College of Management and Economics, Tianjin University, Tianjin, 300072, China.
Business School, Nankai University, Tianjin, 300071, China.
Comput Methods Programs Biomed. 2021 Nov;211:106444. doi: 10.1016/j.cmpb.2021.106444. Epub 2021 Sep 29.

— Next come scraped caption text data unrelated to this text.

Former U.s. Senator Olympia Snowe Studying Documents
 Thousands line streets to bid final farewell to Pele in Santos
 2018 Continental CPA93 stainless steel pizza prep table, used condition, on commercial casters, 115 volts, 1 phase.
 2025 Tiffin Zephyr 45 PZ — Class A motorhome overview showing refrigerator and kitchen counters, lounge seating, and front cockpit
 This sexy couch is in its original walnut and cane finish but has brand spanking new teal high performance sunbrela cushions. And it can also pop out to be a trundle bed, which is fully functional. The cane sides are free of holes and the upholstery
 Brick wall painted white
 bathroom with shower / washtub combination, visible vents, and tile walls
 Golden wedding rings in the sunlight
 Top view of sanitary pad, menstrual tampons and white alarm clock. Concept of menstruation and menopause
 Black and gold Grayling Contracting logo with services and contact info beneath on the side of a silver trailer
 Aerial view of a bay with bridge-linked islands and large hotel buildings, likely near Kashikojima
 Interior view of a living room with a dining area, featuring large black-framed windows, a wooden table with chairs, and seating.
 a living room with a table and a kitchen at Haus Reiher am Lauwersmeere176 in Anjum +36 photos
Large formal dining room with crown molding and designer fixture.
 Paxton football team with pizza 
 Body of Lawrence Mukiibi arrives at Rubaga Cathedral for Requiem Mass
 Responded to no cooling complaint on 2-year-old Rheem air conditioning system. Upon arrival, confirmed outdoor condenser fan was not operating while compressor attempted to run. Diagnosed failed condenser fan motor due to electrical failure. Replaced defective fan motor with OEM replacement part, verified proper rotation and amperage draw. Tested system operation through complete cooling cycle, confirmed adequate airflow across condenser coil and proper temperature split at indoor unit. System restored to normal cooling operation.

As blood testing is radiation-free, low-cost and simple to operate, some researchers use machine learning to detect COVID-19 from blood test data. However, few studies take into consideration the imbalanced data distribution, which can impair the performance of a classifier.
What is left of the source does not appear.